THE PROBLEM. Retype word for word the stretch of entries below from the line that has "Aqua Dots - Polka Dot Star Pastie" through the line that has "Download Valentine's Day", and omit the pictures.

EXTRACTED DATA.

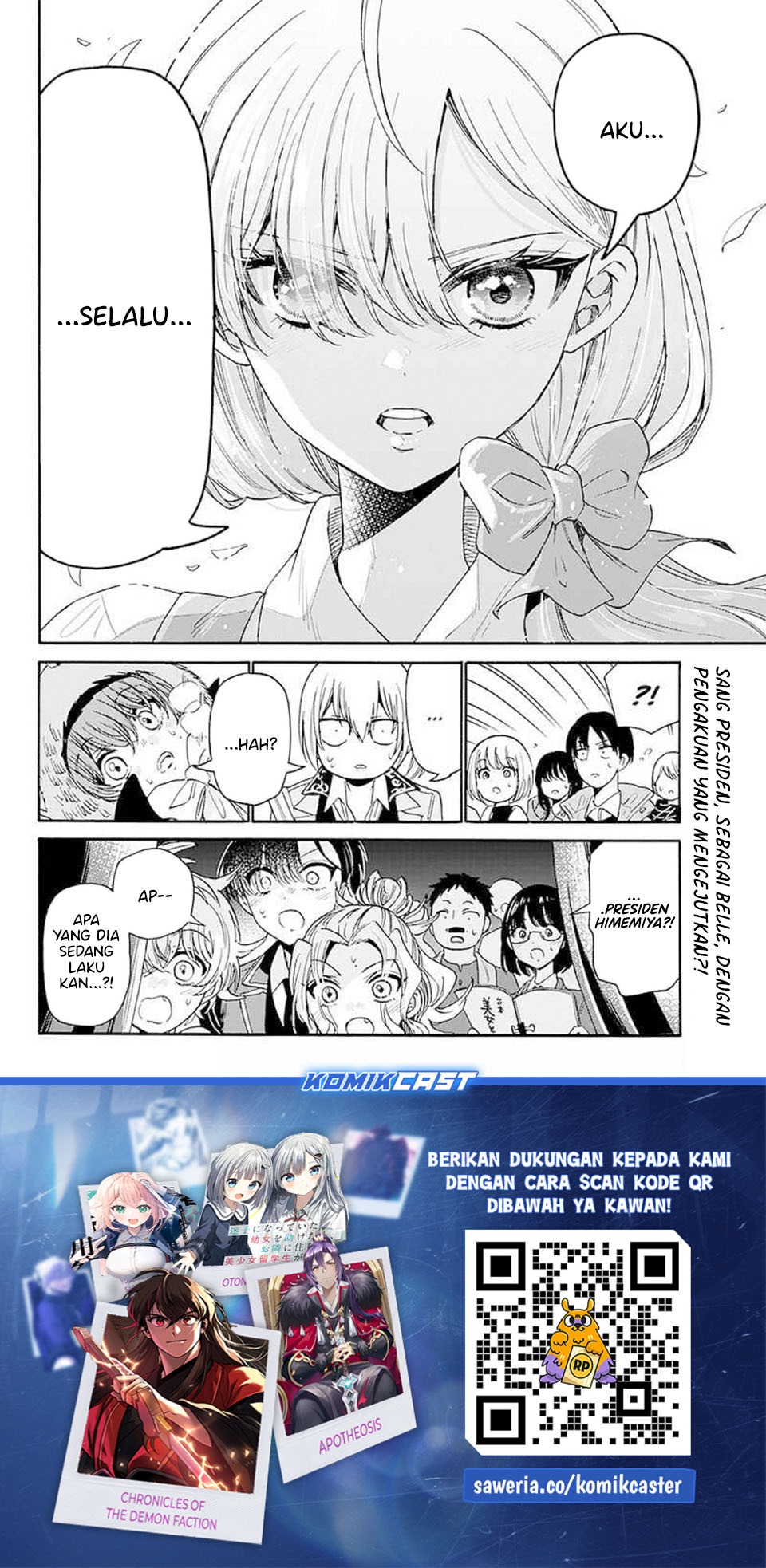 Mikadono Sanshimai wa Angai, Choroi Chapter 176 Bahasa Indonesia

* * *

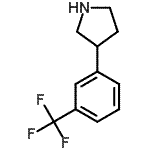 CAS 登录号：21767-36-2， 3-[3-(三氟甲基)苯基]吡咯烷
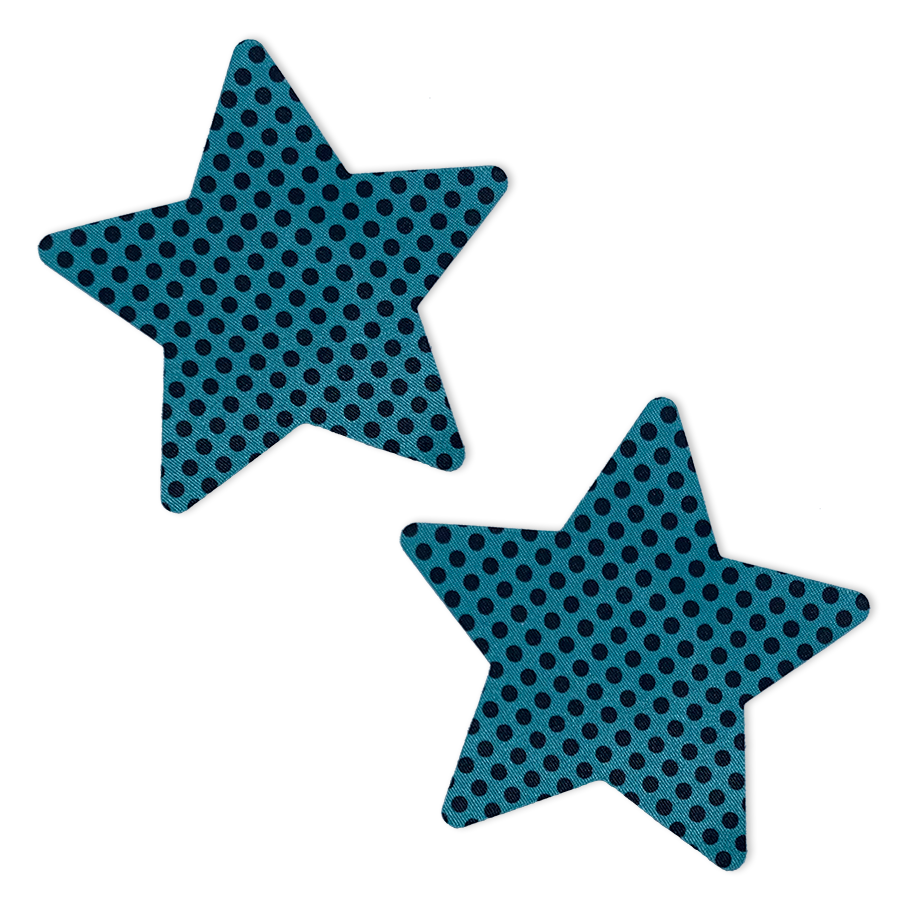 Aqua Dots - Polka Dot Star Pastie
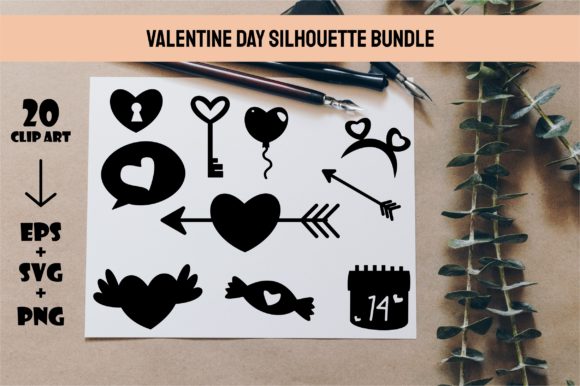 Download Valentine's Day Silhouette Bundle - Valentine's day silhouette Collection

==

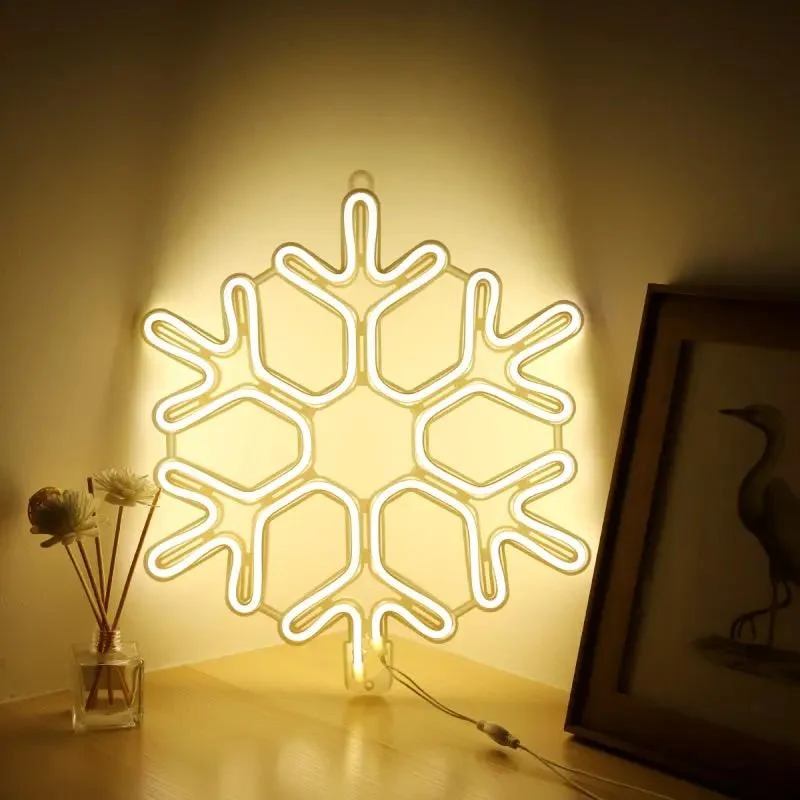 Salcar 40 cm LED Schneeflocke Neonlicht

RESULT.
 Aqua Dots - Polka Dot Star Pastie
 Download Valentine's Day Silhouette Bundle - Valentine's day silhouette Collection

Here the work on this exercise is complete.